Os meios de
comunicação formal e informal estão inundados de notícias e comentários sobre a
situação contributiva dum cidadão nacional. Fosse este um caso normal e vivendo
nós num estado dirigido pelos mais impolutos e zelosos curadores e, ao abrigo
das regras em vigor, há muito aquele cidadão teria visto o vencimento ou a
habitação penhorados.
Sucede, porém,
que o pobre incumpridor é, nem mais nem menos, que o chefe de fila dos questores
(cobradores dos impostos imperiais) que nos calharam em sorte e um dos mais
férreos defensores do “pagaremos doa o que doer”, pelo que, zeloso, logo
procedeu à liquidação da dívida tão presto soube que a imprensa se aprontava a
denunciar o caso.
Todos temos
acompanhado o rol de justificações, meias-verdades, ou paráfrases sobre o caso;
todas desmentidas ou corrigidas de seguida, adaptadas às circunstâncias ou mais
prosaicamente remetidas para o limbo duma memória que se espera (e deseja…)
curta, ou não grassasse no País e na elite política que o tem dirigido uma
inquietante falta de valores.Conforme os interlocutores e os
espectadores se perfilem do lado dos questores ou dos críticos, assim se
sucedem as justificações ou as condenações, a maioria das quais já atiradas
para o esquecimento.
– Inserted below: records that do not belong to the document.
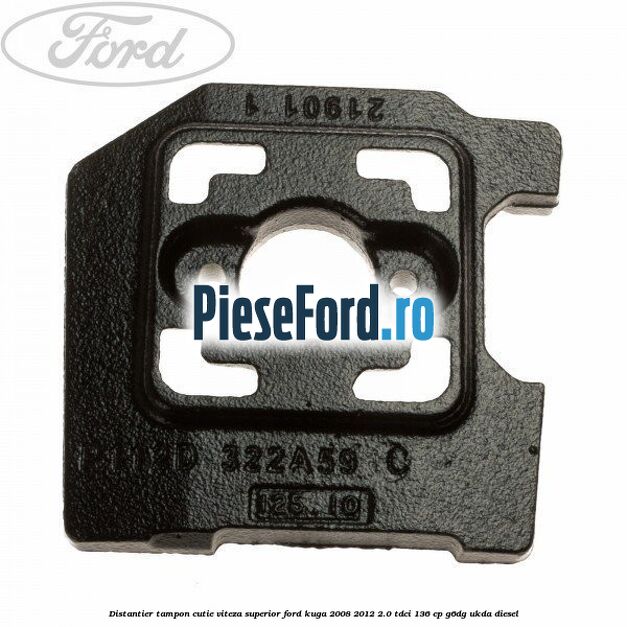 Distantier tampon cutie viteza superior Ford Kuga 2008-2012 2.0 TDCi 136 cp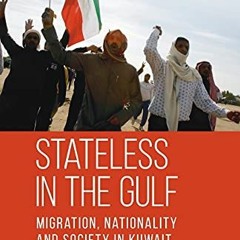 READ PDF EBOOK EPUB KINDLE Stateless in the Gulf: Migration, Nationality and Society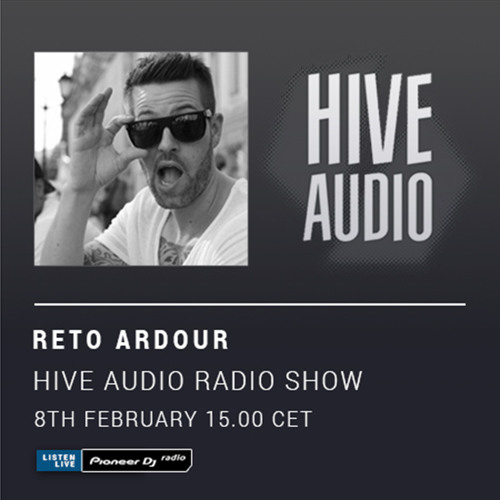 Pioneer DJ Radio - Hive Audio Show - Reto Ardour 08.02.2018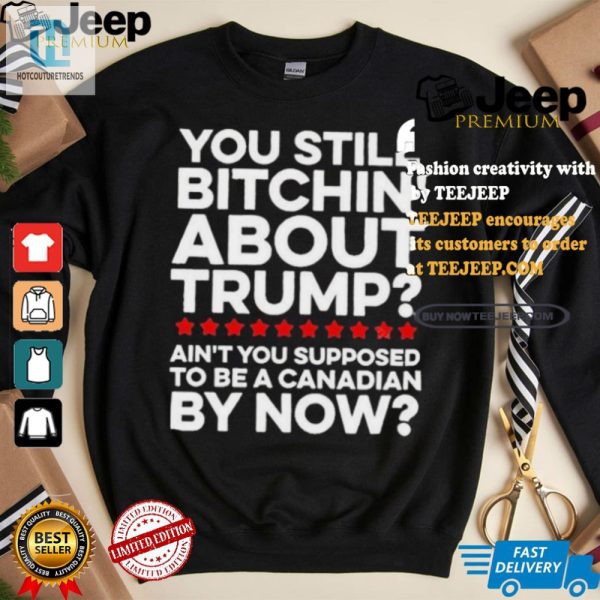 Funny Trump Shirt Are You Canadian Yet hotcouturetrends 1 3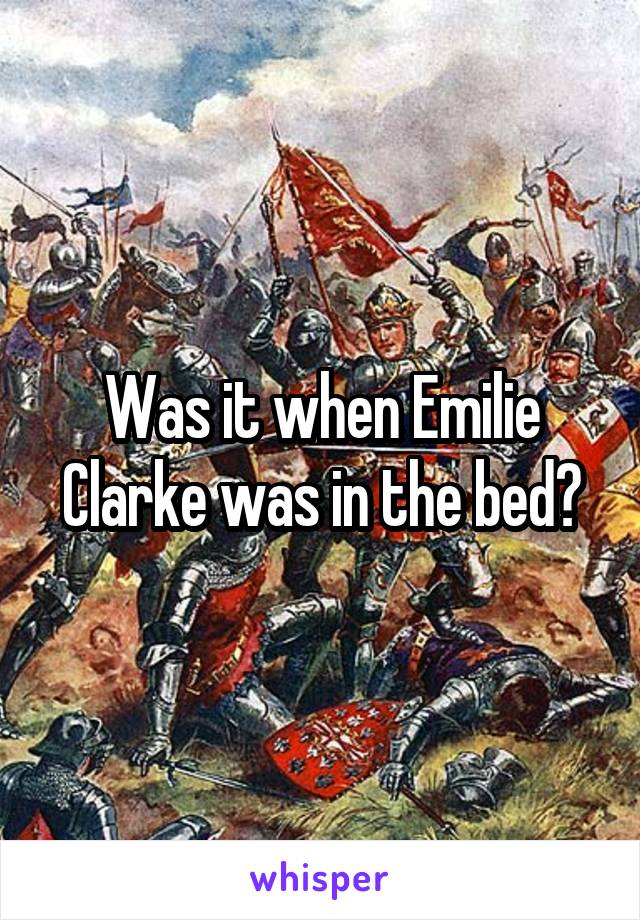 Was it when Emilie Clarke was in the bed?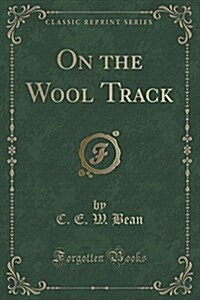 On the Wool Track (Classic Reprint) (Paperback)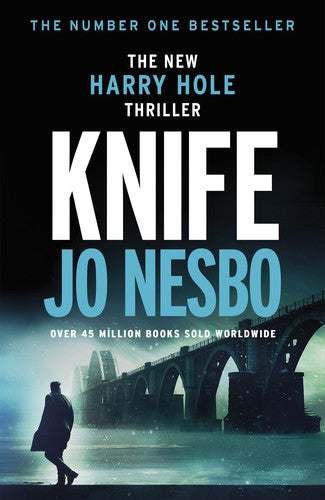 Knife: From the Sunday Times No.1 bestselling king of gripping twists: 12 (Harry Hole, 12)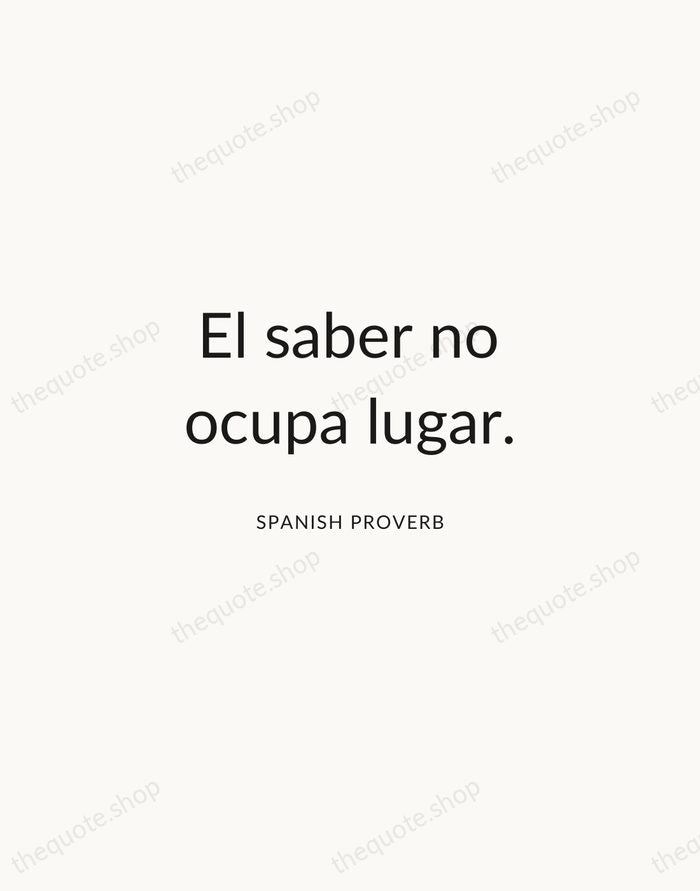 El saber no ocupa lugar. — Spanish Proverb — Modern Sans Calm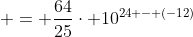  = \frac{64}{25}\cdot 10^{24 - (-12)}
É claro que as primeiras que se fizeram ouvir foram as dos
zelosos defensores que de pronto saíram a terreiro em defesa do probo
primeiro-ministro, dizendo que a dívida já estava saldada, que era questão do
foro pessoal e de pequena monta, etc., etc., etc…, e culminando com Luís
Montenegro, o líder parlamentar do PSD, a assegurar que
«Passos é o "mais bem preparado" para primeiro-ministro».
Muita
gente concordará com aquele argumentário; achará a questão despropositada e
mais adequada à chicana política que à ponderada gestão da coisa pública (como
o fez Cavaco Silva) e a crer, até António «Costa
considera estar “tudo esclarecido” sobre contribuições de Passos».
É claro que
face à enormidade dos problemas que assolam o País, esta é uma questão de
pormenor, mas são os pormenores que revelam a verdadeira essência e a
verdadeira natureza dos Homens. Assim, neste recôndito canto onde os princípios
éticos continuam sem encontrar esteio, ninguém esperaria (em seu perfeito
juízo) que do incidente resultasse a demissão do faltoso ou sequer um mero e
hipócrita pedido de desculpas.
Numa república
presidida por um aposentado que em tempos afirmou, com prosápia e mal contida
soberba, que “nunca se engana e raramente tem dúvidas”, seria impensável
assistirmos à demissão dum governante por coisa tão mesquinha; noutro país dessa
Europa a que dizem pertencermos, o «Ministro da Justiça da Holanda demite-se por mentir ao Parlamento»,
mas entre nós o nível é outro: tão reles e baixo que os intervenientes se
julgam acima que qualquer reparo ou dúvida.
O sentimento
que campeia entre a elite política nacional é aquele que o ministro da
Segurança Social (o que tutela o organismo que Passos Coelho fraudou
impunemente) se apressou a transmitir quando nas primeiras reacções à notícia
veio a terreiro afirmar que Passos
foi "vítima de erros" da administração, crucificando
os funcionários que dirige e deveria prestigiar… se também ele tivesse outros
valores além dos da sobrevivência a qualquer custo!